** Opening Available data block **

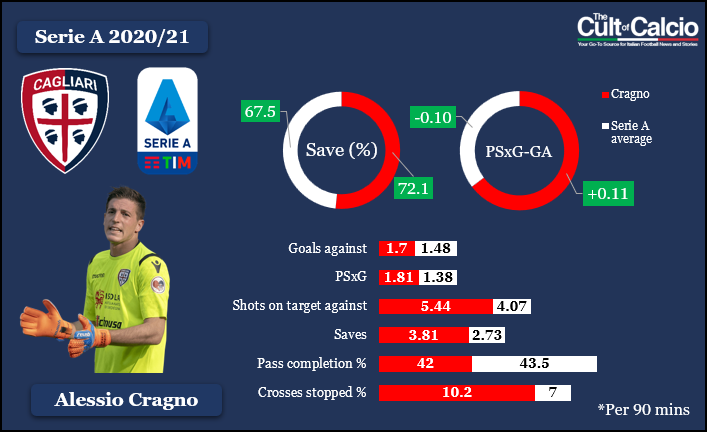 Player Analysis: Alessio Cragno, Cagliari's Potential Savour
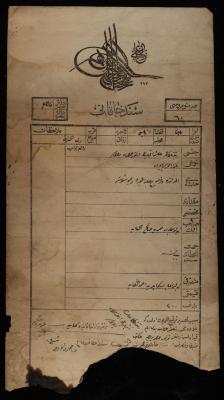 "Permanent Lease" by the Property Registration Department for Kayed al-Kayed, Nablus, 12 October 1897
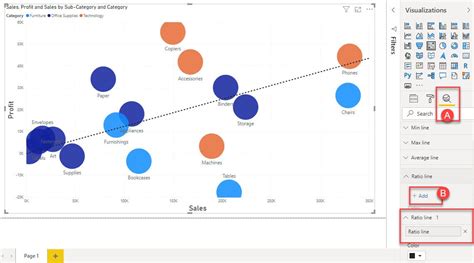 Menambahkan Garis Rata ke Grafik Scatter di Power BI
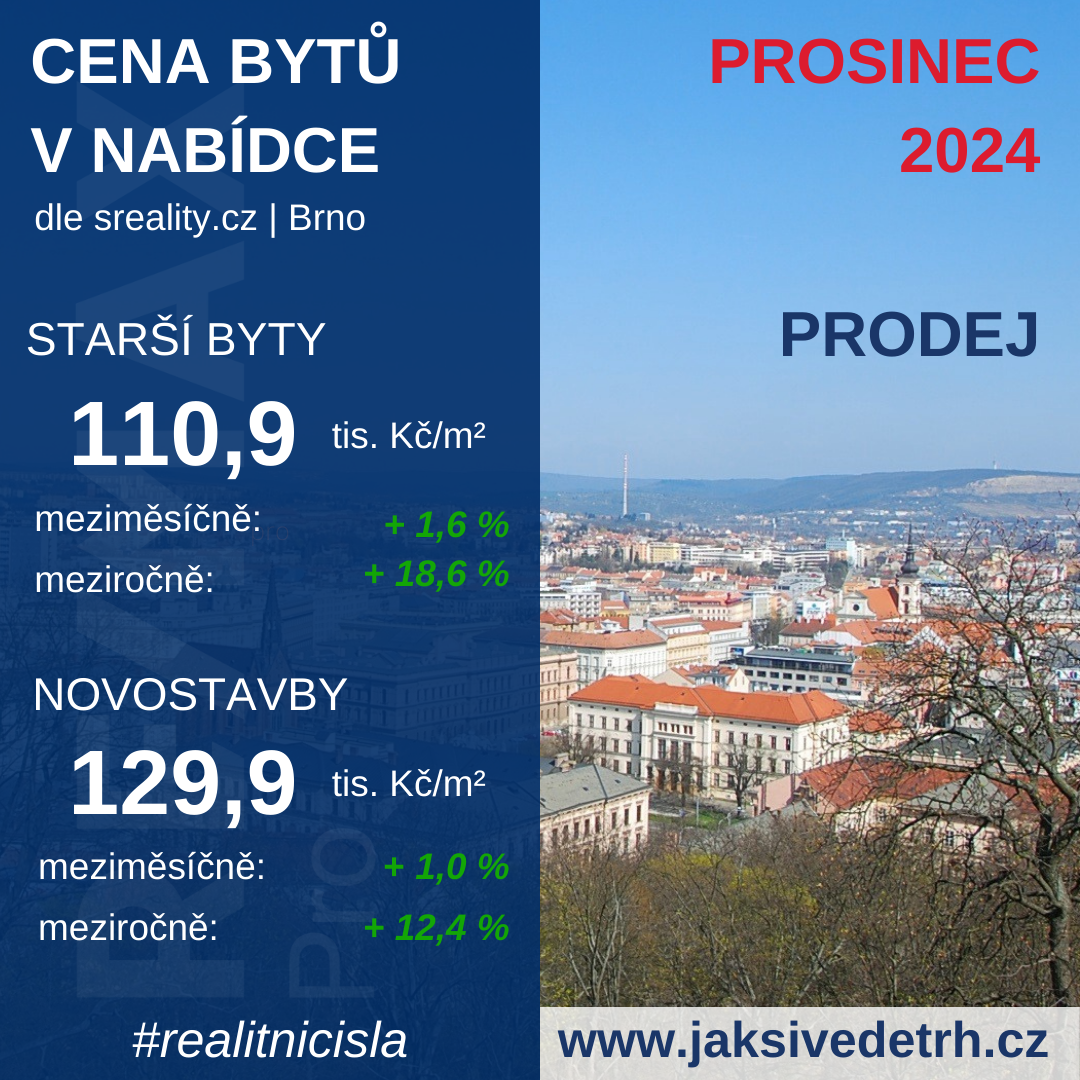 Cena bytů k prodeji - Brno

** Closing Available data block **
** Opening Available data block **

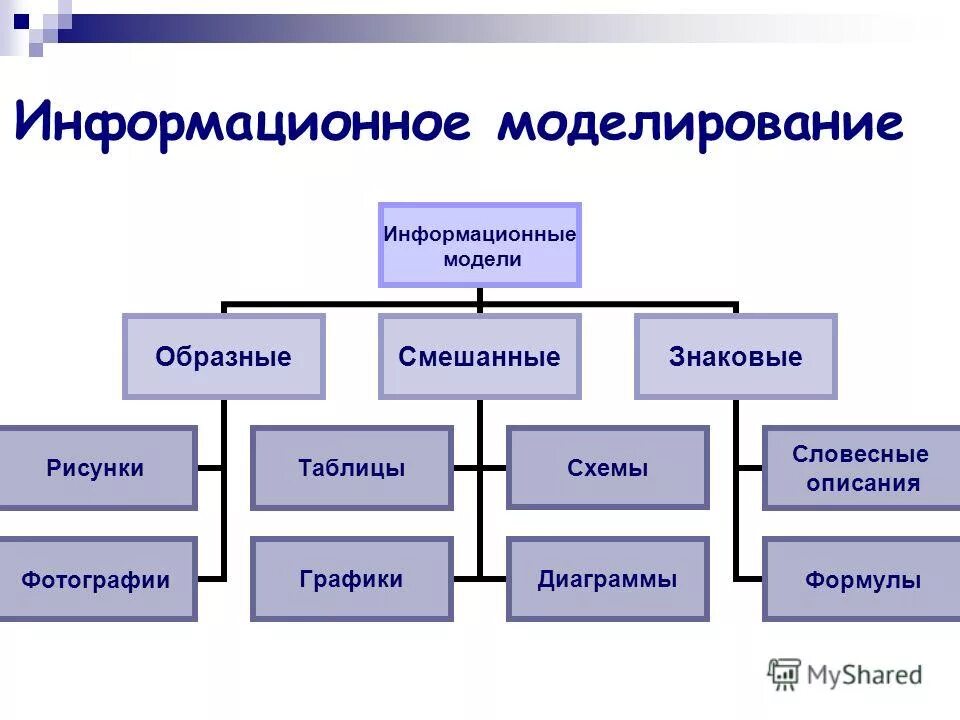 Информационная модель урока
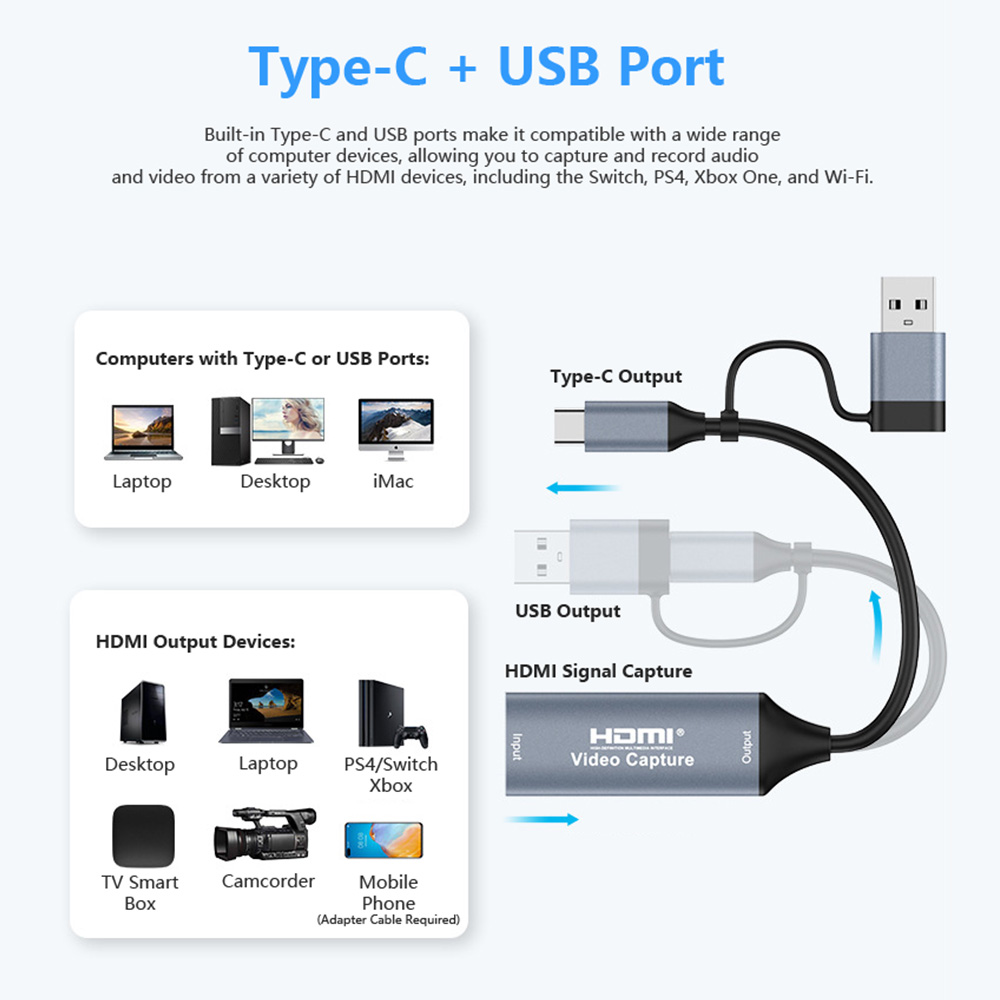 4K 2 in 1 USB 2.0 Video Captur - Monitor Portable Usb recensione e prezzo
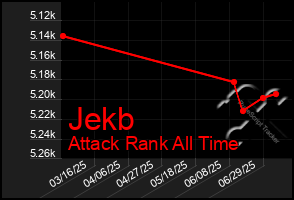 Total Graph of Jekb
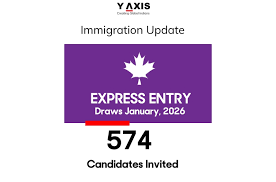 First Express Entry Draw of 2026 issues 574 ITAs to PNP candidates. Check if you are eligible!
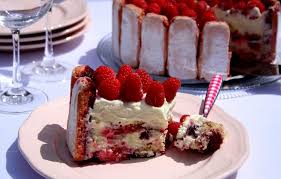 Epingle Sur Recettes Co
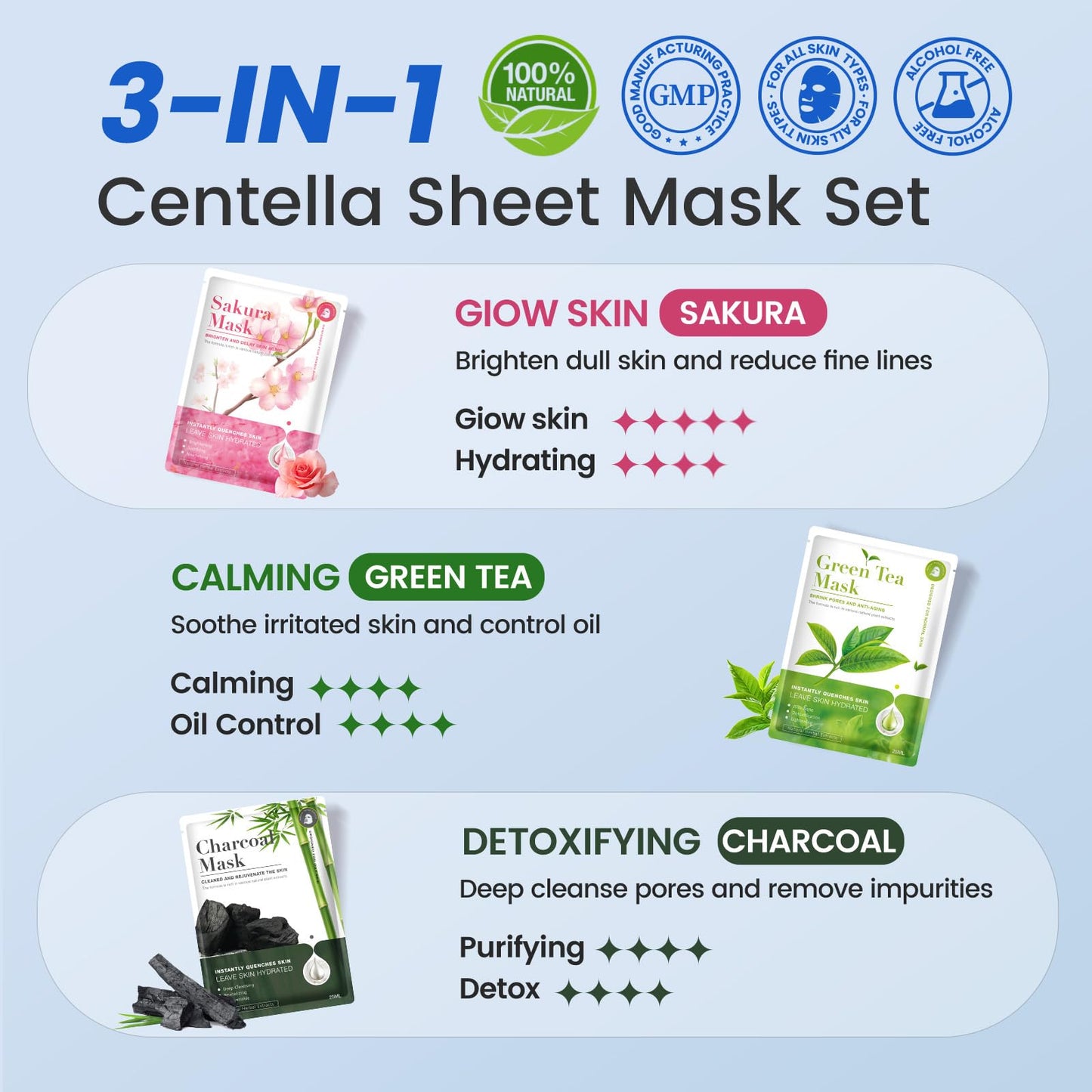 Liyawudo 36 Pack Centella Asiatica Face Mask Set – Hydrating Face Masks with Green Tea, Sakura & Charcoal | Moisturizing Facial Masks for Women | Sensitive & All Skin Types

** Closing Available data block **

## Problem requirements
Using the listing above, restate exactly the range between the lines holding "First Express Entry" and "Liyawudo 36 Pack", inclusive, with pictures left out.

## Response to this exercise
 First Express Entry Draw of 2026 issues 574 ITAs to PNP candidates. Check if you are eligible!
 Epingle Sur Recettes Co
 Liyawudo 36 Pack Centella Asiatica Face Mask Set – Hydrating Face Masks with Green Tea, Sakura & Charcoal | Moisturizing Facial Masks for Women | Sensitive & All Skin Types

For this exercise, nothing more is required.